Her compositions are tautly dynamic, without exception. I spoke with her at the opening, and she told me that when she was a graduate student at Yale, the professor William Bailey used to tell her “Patrol your edges!” Clearly, Staver took the lesson. In “Hercules and the Hydra” (2022) the titular creature’s coils push up against all four borders of the rectangle, two crimson snake tongues converging on the hero’s pointy nose to make a pinwheel at the painting’s top center. “Hercules and the Dogs” (2021) finds Cerberus on the left side of the canvas with our tough guy on the right and one of the dog’s three heads crossing his midsection, the overlap imbuing its lolling red tongue with a lewdly phallic association. The chains with which Hercules subdues Cerberus hang from his hands all the way down the painting’s right edge ending at his foot, his pinky toe adorned with a glowing swipe of paint enlivening the bottom right corner. Each of her paintings is similarly rigorous in the deployment of forms and negative shapes, giving her images a bristling energy while generating geometric pleasures that remind me of classical Italian painters.

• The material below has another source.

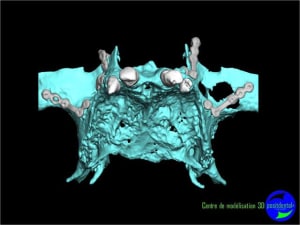 Image5 qvp6ca - Eugenol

Kyle Staver, “Hercules and the Dogs” (2021), oil on canvas, 68 x 58 x 1 1/2 inches (image courtesy the artist and Moskowitz Bayse, Los Angeles)

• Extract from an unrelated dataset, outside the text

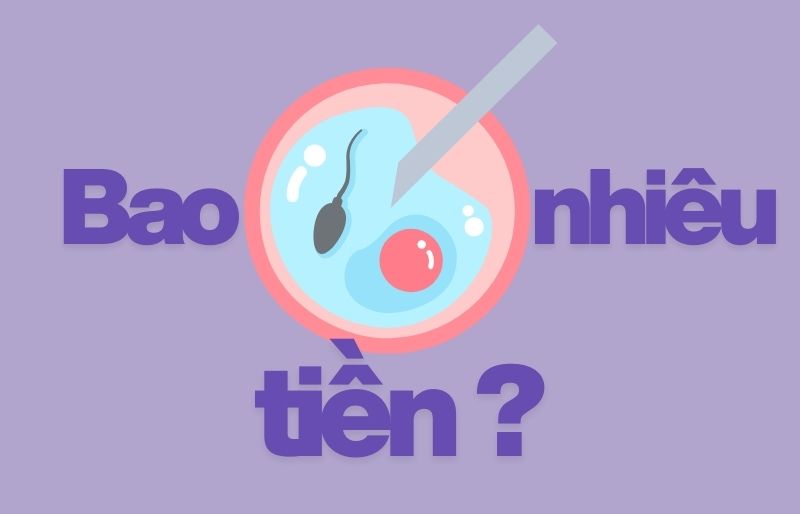 Làm IUI bao nhiêu tiền Làm IUI bao nhiêu tiền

But what does Staver really think about Hercules? These paintings are shot through with silliness: the demigod wears the Nemean Lion’s skin, its head fastened to Hercules’s own with a jaunty blue ribbon like a Drum Major’s busby. In “Hercules and the Boar” (2022), the lion’s head seems to be chomping down upon our hero’s, the lion’s expression sheepishly aware of the goofiness. Clearly, Staver is laughing, but her laughter does not feel dismissive or mocking. Despite the horrors brought upon us by would-be strongmen like Trump or Putin, the artist displays compassion towards this archetype of hypermasculinity. In her portrayals, Hercules is working hard; we feel the seriousness of his striving. She paints his flesh in ochres (sometimes red, sometimes green), giving him a mortal earthiness rather than a heavenly glow: he is one of us. Staver’s view feels balanced as if to say: Sure, the twelve labors are absurd, but isn’t all human endeavor? And let’s face it: Is any struggle more nonsensical than making art? Although we are just a miniscule blip in the universe, Staver rejects nihilism — our efforts are sincere, they make our lives meaningful. This, perhaps, is a philosophical note to be found in Staver’s glowing darks, a whisper that light and hope might be everywhere, even where we think it absent.

Kyle Staver, “Hercules’ Rescue” (2022), oil on panel, 10 x 8 x 1/4 inches (image courtesy the artist and Moskowitz Bayse, Los Angeles)

But how much valor is truly to be found in conquest? The demigod’s skirmishes loosely recall Caroll Dunham’s wrestler paintings with their nonstop brawling, which I also saw in Los Angeles back in 2017. Hercules’s battles are epic, he is destined to win; he’s a hero, after all. Dunham’s combatants, by contrast, are locked in fighting that appears endless and pointless. Comparing the two series of works generates an illuminating link — though we like to imagine that we are Hercules, heroes awaiting our moment, in reality we are more likely Dunham’s creatures, our constant conflicts leading us only in circles.

Kyle Staver, “Hercules and the Harpies” (2021), etching on paper, 17 x 14 1/4 x 1 1/4 inches framed (image courtesy the artist and Moskowitz Bayse, Los Angeles)

Kyle Staver: Show of Strength continues at Moskowitz Bayse (743 North La Brea Avenue, Fairfax) through June 18. The exhibition was organized by the gallery.